Know Your Numbers for a Healthy You

 

Tara Soloman-Smith, Family and Wellness Agent, Sunflower District of Kansas State University’s Extension Office. Submitted photo.

I recently completed my annual wellness checkup, including the essential step of having my blood drawn. While I tend to procrastinate on this particular task, I am well aware of its vital importance. Now, let me share some valuable insights on the significance of knowing your numbers:

Cholesterol

  • A waxy substance found in the fats (lipids) in your blood crucial for building and maintaining healthy cells and hormones. It has no symptoms so many people may not be aware of their risk.
  • The recommended target cholesterol level is less than 200 milligrams per deciliter of blood.
  • About 25% of cholesterol comes from food (meat, fish, dairy), and the rest is produced by the body.
  • There are two forms of cholesterol

Low-density lipoprotein cholesterol (LDL) — also known as the “bad” cholesterol much can form plaque, clogging arteries and leading to heart disease and stroke.
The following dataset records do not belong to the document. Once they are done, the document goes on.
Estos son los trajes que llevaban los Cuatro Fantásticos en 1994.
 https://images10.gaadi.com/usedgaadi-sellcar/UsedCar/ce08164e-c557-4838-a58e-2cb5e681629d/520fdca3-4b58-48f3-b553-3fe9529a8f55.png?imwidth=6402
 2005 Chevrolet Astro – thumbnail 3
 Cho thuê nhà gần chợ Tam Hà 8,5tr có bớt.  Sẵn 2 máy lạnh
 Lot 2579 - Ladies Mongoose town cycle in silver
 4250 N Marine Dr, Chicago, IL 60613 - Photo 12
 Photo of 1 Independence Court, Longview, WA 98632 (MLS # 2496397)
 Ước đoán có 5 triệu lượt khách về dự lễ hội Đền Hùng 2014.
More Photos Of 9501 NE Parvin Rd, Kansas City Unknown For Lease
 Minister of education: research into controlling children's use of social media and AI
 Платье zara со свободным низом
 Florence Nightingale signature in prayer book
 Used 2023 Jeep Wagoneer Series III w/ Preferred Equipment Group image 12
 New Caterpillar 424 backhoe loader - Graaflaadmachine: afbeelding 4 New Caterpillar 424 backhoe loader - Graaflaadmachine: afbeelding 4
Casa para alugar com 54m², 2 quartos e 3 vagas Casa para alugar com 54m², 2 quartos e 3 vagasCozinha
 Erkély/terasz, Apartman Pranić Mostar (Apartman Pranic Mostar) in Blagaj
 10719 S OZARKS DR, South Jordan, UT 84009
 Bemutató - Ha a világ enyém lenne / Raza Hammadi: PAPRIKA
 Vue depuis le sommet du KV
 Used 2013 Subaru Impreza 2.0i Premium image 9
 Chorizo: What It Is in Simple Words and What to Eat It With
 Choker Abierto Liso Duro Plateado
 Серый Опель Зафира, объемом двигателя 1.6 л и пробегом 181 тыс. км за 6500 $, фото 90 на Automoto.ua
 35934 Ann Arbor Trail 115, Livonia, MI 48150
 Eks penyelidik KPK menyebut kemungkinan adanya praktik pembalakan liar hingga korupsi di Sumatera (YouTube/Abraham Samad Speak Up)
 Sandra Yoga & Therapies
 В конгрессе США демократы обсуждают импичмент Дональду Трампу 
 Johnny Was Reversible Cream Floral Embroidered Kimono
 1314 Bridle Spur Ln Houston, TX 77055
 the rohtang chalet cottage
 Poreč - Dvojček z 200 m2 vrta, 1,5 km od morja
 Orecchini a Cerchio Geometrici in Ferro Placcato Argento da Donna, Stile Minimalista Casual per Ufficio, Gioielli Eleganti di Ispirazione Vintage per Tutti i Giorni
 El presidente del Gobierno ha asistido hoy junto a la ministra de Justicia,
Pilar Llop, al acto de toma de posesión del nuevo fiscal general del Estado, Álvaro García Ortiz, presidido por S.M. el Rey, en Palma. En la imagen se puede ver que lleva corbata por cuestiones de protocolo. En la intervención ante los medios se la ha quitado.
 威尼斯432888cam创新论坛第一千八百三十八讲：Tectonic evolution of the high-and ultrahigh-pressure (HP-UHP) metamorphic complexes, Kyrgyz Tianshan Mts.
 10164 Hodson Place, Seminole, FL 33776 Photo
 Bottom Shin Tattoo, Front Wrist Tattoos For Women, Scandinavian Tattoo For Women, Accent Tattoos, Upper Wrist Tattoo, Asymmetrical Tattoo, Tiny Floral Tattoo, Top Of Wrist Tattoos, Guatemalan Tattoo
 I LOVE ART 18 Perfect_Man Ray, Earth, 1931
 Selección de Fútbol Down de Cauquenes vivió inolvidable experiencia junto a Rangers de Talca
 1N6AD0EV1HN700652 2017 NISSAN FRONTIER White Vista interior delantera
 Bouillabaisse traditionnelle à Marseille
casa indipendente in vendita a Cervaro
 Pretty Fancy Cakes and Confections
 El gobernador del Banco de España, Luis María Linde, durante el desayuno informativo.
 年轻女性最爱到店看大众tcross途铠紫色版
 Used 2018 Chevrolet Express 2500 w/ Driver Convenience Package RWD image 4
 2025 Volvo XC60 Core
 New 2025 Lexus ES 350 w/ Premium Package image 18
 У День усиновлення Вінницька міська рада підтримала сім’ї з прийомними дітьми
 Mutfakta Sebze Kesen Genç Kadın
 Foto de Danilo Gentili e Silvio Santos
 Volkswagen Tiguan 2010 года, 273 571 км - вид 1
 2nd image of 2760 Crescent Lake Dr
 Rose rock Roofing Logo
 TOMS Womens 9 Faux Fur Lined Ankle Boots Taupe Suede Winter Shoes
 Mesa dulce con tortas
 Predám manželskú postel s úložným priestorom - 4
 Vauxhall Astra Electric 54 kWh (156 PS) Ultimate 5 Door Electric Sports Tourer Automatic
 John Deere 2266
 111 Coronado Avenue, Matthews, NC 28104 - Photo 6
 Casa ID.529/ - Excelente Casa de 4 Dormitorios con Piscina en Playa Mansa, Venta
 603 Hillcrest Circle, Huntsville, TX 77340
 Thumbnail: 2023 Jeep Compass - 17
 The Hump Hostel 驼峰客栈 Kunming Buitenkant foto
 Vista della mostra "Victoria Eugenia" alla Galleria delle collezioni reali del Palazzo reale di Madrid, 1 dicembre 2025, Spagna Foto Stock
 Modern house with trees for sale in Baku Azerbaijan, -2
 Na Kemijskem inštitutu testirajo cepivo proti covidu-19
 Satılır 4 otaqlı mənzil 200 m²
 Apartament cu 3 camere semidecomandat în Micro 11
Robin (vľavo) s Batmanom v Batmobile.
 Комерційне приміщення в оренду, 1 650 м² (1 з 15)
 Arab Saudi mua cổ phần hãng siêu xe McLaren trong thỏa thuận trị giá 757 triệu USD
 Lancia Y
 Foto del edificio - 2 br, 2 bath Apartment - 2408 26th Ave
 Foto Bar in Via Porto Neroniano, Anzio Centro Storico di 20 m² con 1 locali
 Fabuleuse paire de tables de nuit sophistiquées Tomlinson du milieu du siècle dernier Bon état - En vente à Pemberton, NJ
High-density lipoprotein cholesterol (HDL) — the “good” cholesterol, helps clean the artery walls and removes excess bad cholesterol.

 

Triglycerides

  • A type of fat in the bloodstream that provides energy for body tissues to function
  • Like cholesterol, high triglyceride levels (over 200 mg/dL) increase the risk of heart disease.
  • Dietary and lifestyle changes help lower triglyceride levels:
    • Avoid fatty foods and foods high in cholesterol such as processed meat, fried food, and whole-fat dairy products
    • Choose to eat fruits, vegetables, and nonfat or low-fat dairy
    • Opt for foods high in good, unsaturated fats.

Blood Pressure

  • Is the force of blood against the walls of your arteries and can vary due to many factors
  • Normal blood pressure is usually less than 120/80 mm Hg (millimeters of mercury)
  • Hypertension (High Blood Pressure) Facts

Factors like age, diet (too much sodium, too little potassium, calcium, magnesium), excess alcohol, smoking, obesity, high cholesterol, lack of exercise, stress, and insulin resistance can contribute.  It often has no obvious symptoms but can damage the heart, brain, eyes, and kidneys.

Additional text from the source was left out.